● **Source information**
= = = = = = =

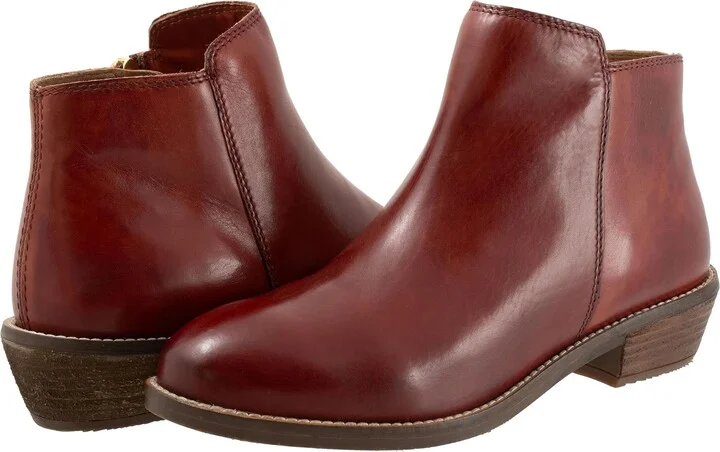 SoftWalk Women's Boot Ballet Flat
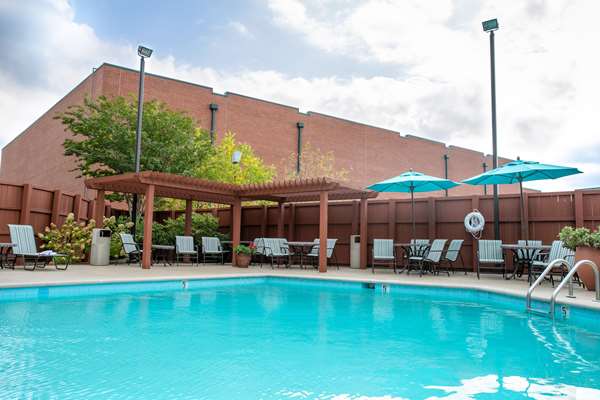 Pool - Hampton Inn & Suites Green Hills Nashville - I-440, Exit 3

= = = = = = =

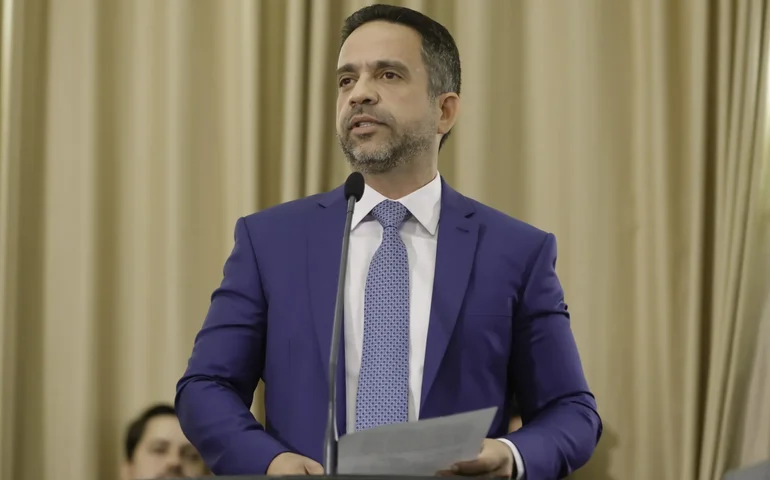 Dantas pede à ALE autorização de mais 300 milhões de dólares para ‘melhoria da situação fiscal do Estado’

= = = = = = =

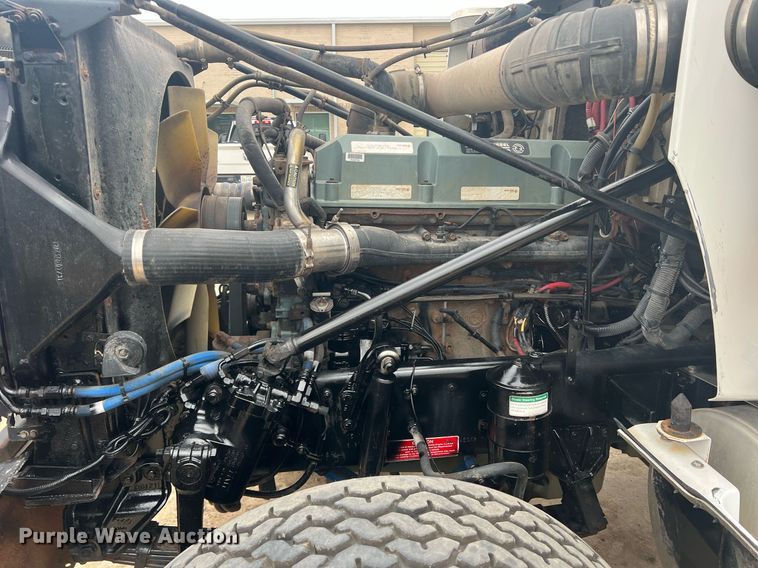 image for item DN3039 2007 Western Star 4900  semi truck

= = = = = = =

● **What needs to be done**
From the material above, output only the span of lines that starts at the one containing "SoftWalk Women's Boot Ballet Flat" and finishes at the one containing "Pool - Hampton", word for word and free of pictures.

● **Result**
 SoftWalk Women's Boot Ballet Flat
 Pool - Hampton Inn & Suites Green Hills Nashville - I-440, Exit 3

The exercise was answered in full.